Past Medical History
The patient’s medical history was significant for early-onset coronary artery disease, class II obesity, hypertension, and coronary artery bypass surgery. Family history was notable for multiple first-degree relatives with early death from atherosclerotic cardiovascular disease (ASCVD) before age 40 years.
Differential Diagnosis
The differential for this patient’s hyperlipidemia includes familial hypercholesterolemia (FH), hypothyroidism, nephrotic syndrome, iatrogenic effect, metabolic syndrome, or systemic lupus erythematosus.
Investigations
Laboratory testing demonstrated a thyroid-stimulating hormone level of 1.61 μIU/mL (normal 0.27-4.2 μIU/mL), creatinine level of 0.71 mg/dL (normal: <1.3 mg/dL), lipoprotein a level of 27.5 nmol/L (normal: <75 nmol/L), hemoglobin A1c level of 6.4% (normal: 4.0%-5.6%) and LDL-C level of 362 mg/dL. The patient’s Dutch Lipid Clinic Score without inclusion of genetic testing was 19 attributable to ASCVD, family history of severely elevated LDL-C, and early myocardial infarction and examination findings of tendon xanthomas in the patient.
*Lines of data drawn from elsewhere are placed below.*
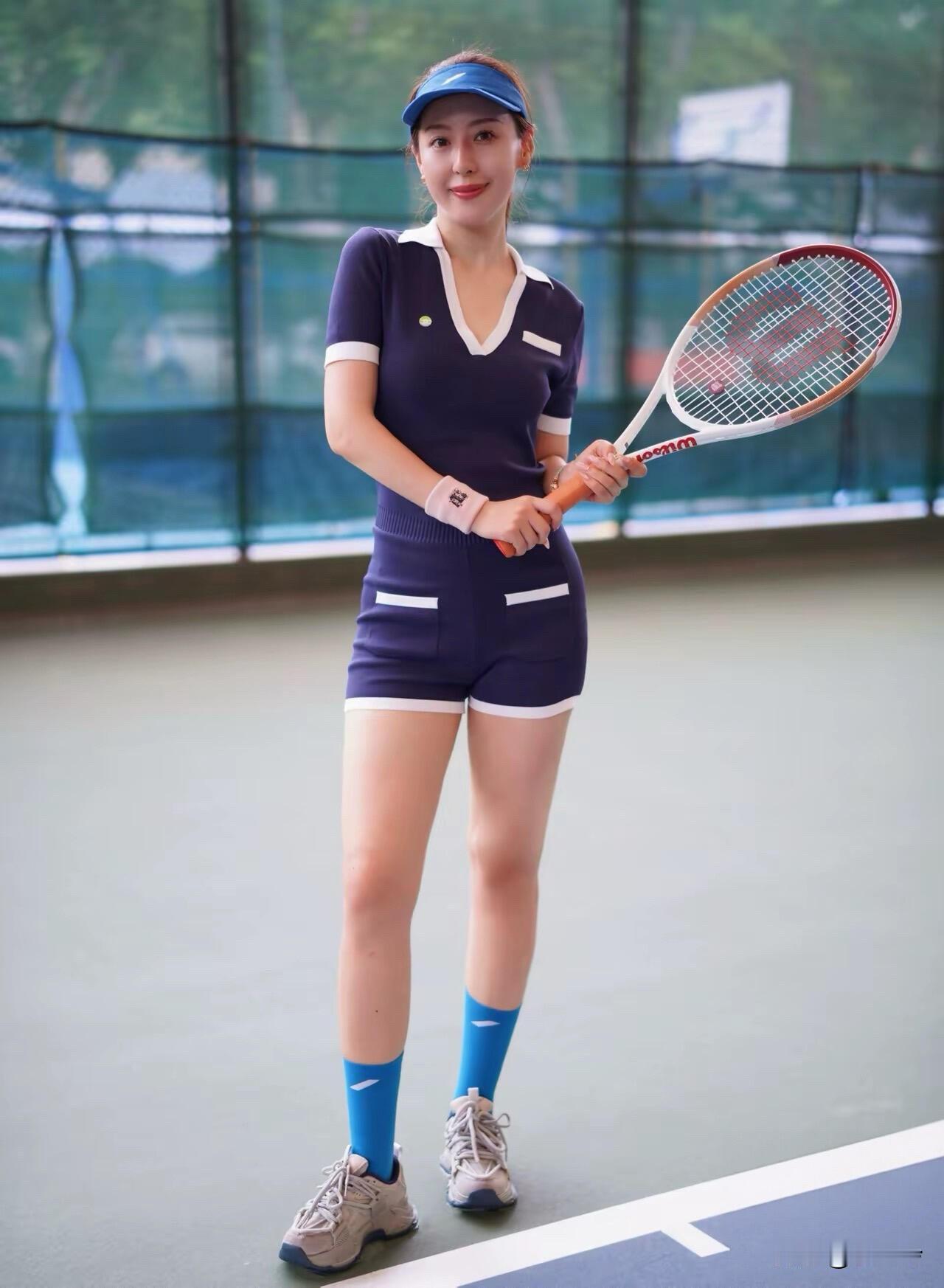 阳光下的网球少女，活力满满！🎾🌞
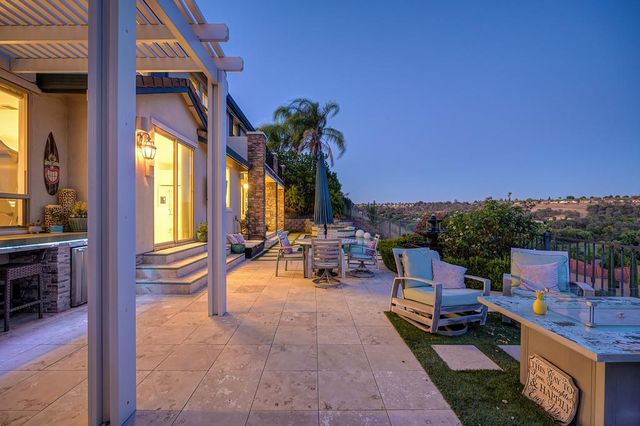 3881 Black Oak Dr, Rocklin, CA 95765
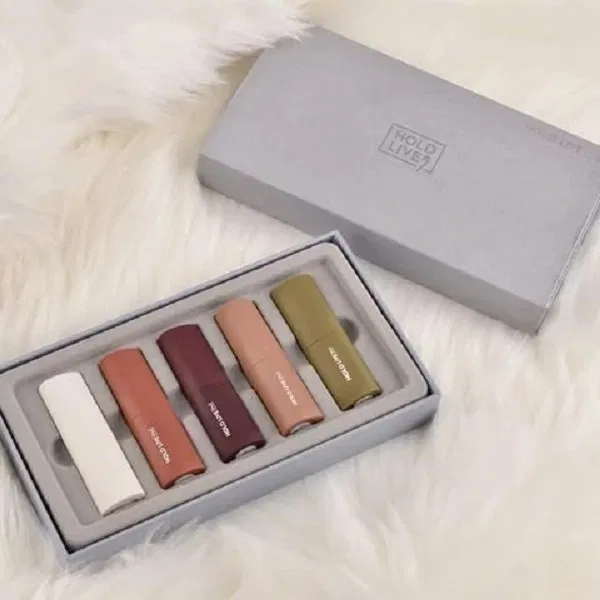 Hộp giấy bên ngoài màu xám bạc khá sang trọng (nguồn: Internet)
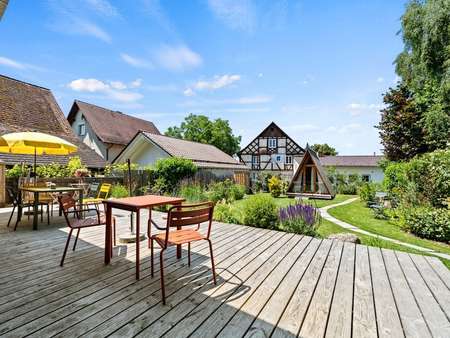 Blick in den Garten von der großen Terrasse - Zweifamilienhaus in 88662 Überlingen mit 136m² kaufen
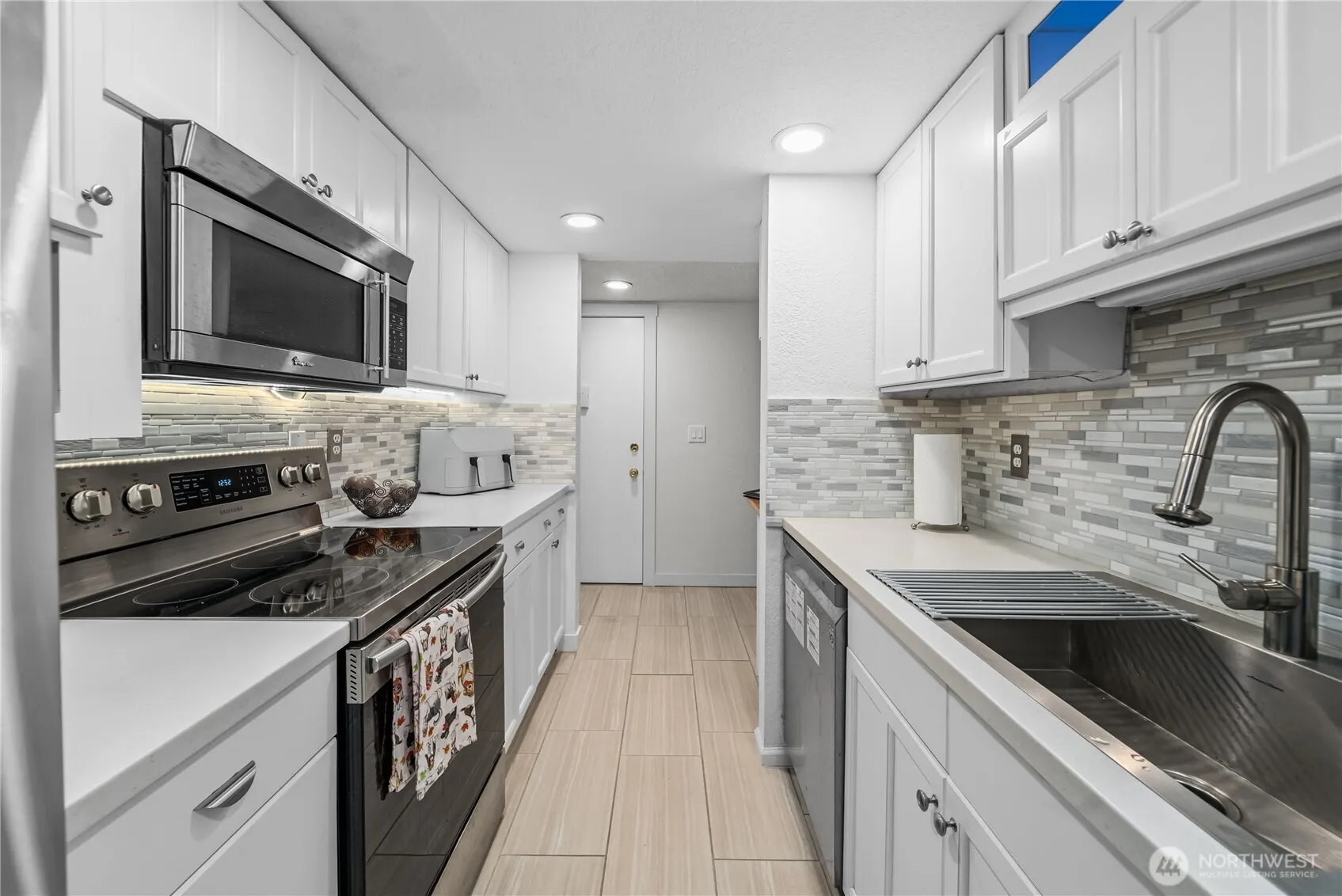 23511 102 Avenue SE #D103, Kent, WA 98031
An adjusted score after the genetic testing was 27. Genetic testing showed 2 pathogenic mutations on exon 4 of 2 alleles of the low-density lipoprotein receptor (LDL-R) gene consistent with compound heterozygous and functionally homozygous familial hypercholesterolemia (FH). Table 1 characterizes our patient’s mutations. Doppler ultrasonography of the carotid arteries revealed moderate stenosis of the left internal carotid artery. Ankle brachial indices demonstrated peripheral arterial disease. Coronary angiography showed multivessel disease with 80% stenosis of the left main coronary artery, 100% stenosis of the left anterior descending artery, and 40% stenosis of the proximal right coronary artery. Coronary bypass grafts were patent.
Table 1.
Genetic Testing Results
| Gene | Mode of Inheritance | Variant | Zygosity | Classification |
|---|---|---|---|---|
| LDL-R | Autosomal semidominant | c.418 G>A p.E140K | Heterozygous | Pathogenic variant |
| LDL-R | Autosomal semidominant | c.337 G>A p.E113K | Heterozygous | Likely pathogenic variant |
This table shows 2 independent autosomal semidominant mutations that are pathogenic in the LDL-R gene, resulting in the patient’s clinical genotype of compound heterozygous familial hypercholesterolemia.
A = adenine; G = guanine; LDL-R = low-density lipoprotein receptor.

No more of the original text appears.